Já nas monarquias, as atenções se voltam para a família real enquanto que a esposa do primeiro-ministro pode manter uma vida quase desvinculada do poder. Este é o caso da Espanha, Itália, Grã-Bretanha e dos países nórdicos.

A exposição da vida privada de Hollande agora faz a França novamente questionar o papel da primeira-dama, um posto considerado por muitos políticos e intelectuais como ultrapassado. O assunto já tinha dado o que falar na época de Nicolas Sarkozy, que em menos de um ano se divorciou e casou com uma ex-modelo e cantora, Carla Bruni.

Armelle Le Bras-Chopard é cientista política e autora do livro Première-Dame, Second Role (Primeira-Dama, Segundo Papel, em tradução literal). Para ela, o status de primeira-dama precisa acabar. “Eu acho que o que acontece na França é que nós somos uma ‘monarquia republicana’, como se diz. Uma vez que o presidente tem muito poder e não temos rei, as atenções se voltam muito mais para o Eliseu e a presidência da República”, afirma. “A primeira-dama não tem nenhuma legitimidade democrática. Ela é simplesmente a esposa de alguém que foi eleito, e por consequência ela pertence à esfera privada e não deveria ter funções públicas.”

Michel Verpeaux, um dos mais respeitados especialistas em Direito Constitucional do país, ressalta que, embora as esposas dos presidentes encarnem funções no governo, elas não têm qualquer status jurídico oficial. Ainda assim, as francesas dispõem de um escritório e de uma equipe de cinco funcionários. “No orçamento do Eliseu, nunca foi proibido dar uma parte para uma pessoa próxima ao presidente. Digamos que é como se fosse uma espécie de conselheiro especial do presidente da República. De qualquer forma, não há nada regulamentado neste aspecto”, explica.

Funções em mutação

Verleaux destaca que as atividades oficiais da esposa do presidente são uma herança da monarquia.
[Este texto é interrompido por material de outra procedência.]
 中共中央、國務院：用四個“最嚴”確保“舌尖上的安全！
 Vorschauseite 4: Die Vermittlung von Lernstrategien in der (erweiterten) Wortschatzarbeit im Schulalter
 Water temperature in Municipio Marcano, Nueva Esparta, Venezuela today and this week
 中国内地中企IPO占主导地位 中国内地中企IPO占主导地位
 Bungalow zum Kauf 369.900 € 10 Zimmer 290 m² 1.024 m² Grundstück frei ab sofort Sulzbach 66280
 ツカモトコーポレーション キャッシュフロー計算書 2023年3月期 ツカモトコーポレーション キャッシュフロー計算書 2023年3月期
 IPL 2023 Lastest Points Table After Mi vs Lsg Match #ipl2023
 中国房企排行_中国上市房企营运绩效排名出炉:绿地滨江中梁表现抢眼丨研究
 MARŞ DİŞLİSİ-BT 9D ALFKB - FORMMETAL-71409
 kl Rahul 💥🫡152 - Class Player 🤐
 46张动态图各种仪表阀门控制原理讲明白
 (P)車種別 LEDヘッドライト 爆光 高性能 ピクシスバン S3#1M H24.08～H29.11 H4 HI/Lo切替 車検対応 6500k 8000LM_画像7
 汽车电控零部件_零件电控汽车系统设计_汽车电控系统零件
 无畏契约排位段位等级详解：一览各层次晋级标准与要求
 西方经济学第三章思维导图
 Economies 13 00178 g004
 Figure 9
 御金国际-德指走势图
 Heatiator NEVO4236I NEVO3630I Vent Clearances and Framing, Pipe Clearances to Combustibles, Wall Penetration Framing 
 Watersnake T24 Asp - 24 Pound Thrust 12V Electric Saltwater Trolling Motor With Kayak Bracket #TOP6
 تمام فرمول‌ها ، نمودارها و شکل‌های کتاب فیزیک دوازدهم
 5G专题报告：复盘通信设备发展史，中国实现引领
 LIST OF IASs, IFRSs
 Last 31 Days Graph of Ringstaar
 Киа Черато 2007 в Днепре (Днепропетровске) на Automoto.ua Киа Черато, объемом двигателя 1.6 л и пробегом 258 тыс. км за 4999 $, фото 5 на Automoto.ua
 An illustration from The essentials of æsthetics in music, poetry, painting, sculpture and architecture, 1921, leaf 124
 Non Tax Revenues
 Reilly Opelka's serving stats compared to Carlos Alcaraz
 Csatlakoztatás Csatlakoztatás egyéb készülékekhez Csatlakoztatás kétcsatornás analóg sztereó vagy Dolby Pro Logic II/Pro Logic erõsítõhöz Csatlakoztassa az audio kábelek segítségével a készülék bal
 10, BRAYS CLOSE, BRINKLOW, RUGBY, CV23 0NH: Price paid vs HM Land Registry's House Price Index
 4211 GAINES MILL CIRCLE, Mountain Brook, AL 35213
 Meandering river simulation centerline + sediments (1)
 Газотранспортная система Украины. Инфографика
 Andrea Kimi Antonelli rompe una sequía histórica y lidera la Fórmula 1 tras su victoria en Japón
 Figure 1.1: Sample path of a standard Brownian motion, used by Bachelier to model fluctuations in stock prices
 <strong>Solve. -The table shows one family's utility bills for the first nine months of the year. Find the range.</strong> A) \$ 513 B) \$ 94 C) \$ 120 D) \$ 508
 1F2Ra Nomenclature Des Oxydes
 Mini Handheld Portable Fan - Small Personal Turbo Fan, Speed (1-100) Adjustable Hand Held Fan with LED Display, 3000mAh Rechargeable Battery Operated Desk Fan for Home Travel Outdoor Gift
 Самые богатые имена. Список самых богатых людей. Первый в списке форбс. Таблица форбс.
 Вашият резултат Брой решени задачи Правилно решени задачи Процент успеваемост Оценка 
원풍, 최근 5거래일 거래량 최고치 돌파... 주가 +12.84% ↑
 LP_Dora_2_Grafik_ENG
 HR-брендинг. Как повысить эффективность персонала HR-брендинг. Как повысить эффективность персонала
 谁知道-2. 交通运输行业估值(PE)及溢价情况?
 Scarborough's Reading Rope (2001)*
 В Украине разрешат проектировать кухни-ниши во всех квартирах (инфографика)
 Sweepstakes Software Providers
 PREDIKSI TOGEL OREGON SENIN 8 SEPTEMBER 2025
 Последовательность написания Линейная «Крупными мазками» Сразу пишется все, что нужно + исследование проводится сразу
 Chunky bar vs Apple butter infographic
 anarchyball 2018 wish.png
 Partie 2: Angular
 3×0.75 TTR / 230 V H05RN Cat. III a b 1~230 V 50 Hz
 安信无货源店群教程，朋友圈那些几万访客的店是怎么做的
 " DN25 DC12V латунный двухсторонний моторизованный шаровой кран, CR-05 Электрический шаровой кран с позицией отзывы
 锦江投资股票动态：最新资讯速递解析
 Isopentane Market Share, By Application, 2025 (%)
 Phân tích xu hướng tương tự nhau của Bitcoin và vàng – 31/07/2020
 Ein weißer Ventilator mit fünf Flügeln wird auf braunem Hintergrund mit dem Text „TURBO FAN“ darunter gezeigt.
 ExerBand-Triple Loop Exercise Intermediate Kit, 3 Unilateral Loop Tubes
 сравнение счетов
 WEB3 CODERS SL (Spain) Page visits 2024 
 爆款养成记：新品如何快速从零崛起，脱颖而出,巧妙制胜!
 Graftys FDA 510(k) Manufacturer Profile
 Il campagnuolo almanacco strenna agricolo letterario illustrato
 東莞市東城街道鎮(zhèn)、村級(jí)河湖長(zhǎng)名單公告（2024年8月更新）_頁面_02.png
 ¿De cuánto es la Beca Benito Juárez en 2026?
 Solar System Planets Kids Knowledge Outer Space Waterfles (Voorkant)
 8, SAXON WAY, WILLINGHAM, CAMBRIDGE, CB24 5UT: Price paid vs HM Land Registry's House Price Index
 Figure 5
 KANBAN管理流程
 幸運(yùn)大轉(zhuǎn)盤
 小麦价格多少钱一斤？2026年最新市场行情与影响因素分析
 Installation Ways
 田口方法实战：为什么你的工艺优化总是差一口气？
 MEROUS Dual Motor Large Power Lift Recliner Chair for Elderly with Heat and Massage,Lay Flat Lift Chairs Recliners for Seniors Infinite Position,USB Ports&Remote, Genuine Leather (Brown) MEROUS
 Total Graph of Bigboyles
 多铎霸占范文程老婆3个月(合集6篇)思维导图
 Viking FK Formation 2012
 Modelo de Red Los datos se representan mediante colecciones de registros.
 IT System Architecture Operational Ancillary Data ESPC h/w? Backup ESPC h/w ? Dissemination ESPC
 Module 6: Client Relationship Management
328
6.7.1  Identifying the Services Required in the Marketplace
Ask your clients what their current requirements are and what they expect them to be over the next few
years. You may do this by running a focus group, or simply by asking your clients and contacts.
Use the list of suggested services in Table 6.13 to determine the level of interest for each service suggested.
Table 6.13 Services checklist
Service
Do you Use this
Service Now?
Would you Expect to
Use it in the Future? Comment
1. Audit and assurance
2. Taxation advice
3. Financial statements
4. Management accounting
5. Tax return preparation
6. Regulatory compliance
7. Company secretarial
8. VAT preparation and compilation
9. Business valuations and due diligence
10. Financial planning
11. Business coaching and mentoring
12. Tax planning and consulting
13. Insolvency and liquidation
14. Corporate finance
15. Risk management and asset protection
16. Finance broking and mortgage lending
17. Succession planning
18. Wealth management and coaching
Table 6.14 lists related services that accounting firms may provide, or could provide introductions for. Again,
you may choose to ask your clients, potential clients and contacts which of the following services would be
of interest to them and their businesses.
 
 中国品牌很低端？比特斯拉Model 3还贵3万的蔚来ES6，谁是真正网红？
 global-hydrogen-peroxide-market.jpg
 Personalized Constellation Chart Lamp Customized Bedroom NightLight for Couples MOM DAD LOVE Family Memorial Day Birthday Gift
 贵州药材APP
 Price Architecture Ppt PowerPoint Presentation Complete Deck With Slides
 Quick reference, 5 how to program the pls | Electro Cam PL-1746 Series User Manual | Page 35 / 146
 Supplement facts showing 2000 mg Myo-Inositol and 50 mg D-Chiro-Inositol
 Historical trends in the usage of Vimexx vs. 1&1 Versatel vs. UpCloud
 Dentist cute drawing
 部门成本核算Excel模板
Logo que a França instalou a 5ª República, após a Segunda Guerra Mundial, os costumes evoluíram – mas a mudança não durou mais do que algumas décadas.

Inicialmente, as primeiras-damas não tinham qualquer atuação. “Por exemplo, madame De Gaulle, esposa do primeiro presidente da 5ª República, tinha um papel muito discreto. Ela nunca chamava a atenção e nunca quis ter um papel político”, recorda. Ele lembra que a situação começou a mudar com as mulheres de François Mitterrand e de Jacques Chirac. “Danielle Mitterrand tinha convicções políticas muito fortes, e em alguns casos houve momentos de tensão porque suas posições íam de encontro com as do presidente. Já Bernadette Chirac quis, tão logo seu marido foi eleito, ou até antes, entrar na política, e foi eleita para a administração de um departamento francês.”

Século 19

Armelle Le Bras-Chopard considera que as esposas dos presidentes têm o direito de acompanhar os maridos em eventos oficiais, mas não deveriam mais se sujeitar a tarefas consideradas ultrapassadas para a mulher de hoje. “É um esquema definido de uma maneira viciada e tradicional. Este esquema corresponde à imagem que se tinha da esposa do século 19, de uma mulher que não trabalhava, não tinha direito nenhum, nem direito ao voto”, constata a professora. “Na República, nós não precisamos de uma esposa ou de uma companheira com o papel tradicionalmente feito pelas mulheres do século 19.”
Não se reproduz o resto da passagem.